Binder et al.66 examined 60 left ATL patients who underwent preoperative language mapping with fMRI, preoperative intracarotid amobarbital (Wada) testing for language and memory lateralization, and pre- and postoperative neuropsychological testing. Demographic, historical, neuropsychological, and imaging variables were examined for their ability to predict pre- to postoperative memory change. Verbal memory decline was observed in over 30% of patients. Predictive of memory decline were good preoperative performance, late age at onset of epilepsy, left dominance on fMRI, and left dominance on the Wada test. Preoperative performance and age at onset together accounted for roughly 50% of the variance in memory outcome and fMRI explained an additional 10% of this variance. Neither Wada memory asymmetry nor Wada language asymmetry added additional predictive power beyond these noninvasive measures.

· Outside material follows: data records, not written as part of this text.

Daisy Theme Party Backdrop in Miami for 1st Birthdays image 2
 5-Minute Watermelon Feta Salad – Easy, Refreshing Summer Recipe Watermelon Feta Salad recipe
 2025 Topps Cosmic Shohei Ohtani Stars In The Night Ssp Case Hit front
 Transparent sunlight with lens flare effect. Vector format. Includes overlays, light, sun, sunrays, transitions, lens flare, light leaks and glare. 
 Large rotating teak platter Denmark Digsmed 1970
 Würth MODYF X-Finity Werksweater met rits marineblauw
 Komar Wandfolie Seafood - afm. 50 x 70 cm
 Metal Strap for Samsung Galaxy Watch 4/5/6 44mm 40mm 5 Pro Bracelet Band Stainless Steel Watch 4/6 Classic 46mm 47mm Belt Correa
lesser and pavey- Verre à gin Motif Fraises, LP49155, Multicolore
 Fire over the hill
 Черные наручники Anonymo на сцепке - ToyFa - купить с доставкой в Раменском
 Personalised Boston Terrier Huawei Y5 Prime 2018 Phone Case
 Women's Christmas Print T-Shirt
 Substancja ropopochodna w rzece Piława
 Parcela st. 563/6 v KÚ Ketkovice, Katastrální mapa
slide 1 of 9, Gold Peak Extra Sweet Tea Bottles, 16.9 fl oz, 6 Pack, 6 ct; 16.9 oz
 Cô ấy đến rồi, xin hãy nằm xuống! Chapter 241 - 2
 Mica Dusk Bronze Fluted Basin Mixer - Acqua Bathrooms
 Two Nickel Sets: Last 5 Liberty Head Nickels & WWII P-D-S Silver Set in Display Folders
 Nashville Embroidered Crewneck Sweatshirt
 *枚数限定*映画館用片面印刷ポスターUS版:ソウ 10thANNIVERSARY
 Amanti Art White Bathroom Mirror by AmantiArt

Binder et al.66 also used an interesting multivariate approach to predict verbal memory outcome following left ATL. Order of entry of prediction variables was based on risk and cost. Age of onset and preoperative memory performance were entered first and predicted about 50% of the variance for memory outcome, the fMRI language index (not memory) was added next and added 10% of the variance in predicting outcome. The fMRI laterality index still added significant predictive values after Wada Test language and memory scores were considered.
These predictive models would have more utility if the surgical resection were standard across centers. This of course is far from the case and the predictive models apply to surgery as performed at the reporting center. Growing clinical evidence documents the impact of various surgical approaches to ATL and the variable cognitive outcomes that may follow (see 75 for review), although it should be appreciated that the number of randomized clinical trials comparing different surgical approaches is extremely small. For example, Helmstaedter 76 compared pre- and postoperative verbal learning and memory performance in left temporal lobe epilepsy patients with hippocampal pathology who underwent anterior temporal lobectomy (ATL) or selective amygdalohippocampectomy (SAH), as well as patients with left lateral temporal lobe lesions who underwent cortical lesionectomy. All three groups exhibited similarly impaired preoperative verbal learning and memory performance compared to controls. Postoperatively, long term memory declines were similar for the ATL and SAH groups, but the ATL group also exhibited decline in new verbal learning efficiency, presumably due to resection of functional left lateral temporal neocortex. The left cortical lesionectomy group showed minimal pre- to postoperative verbal learning and memory change.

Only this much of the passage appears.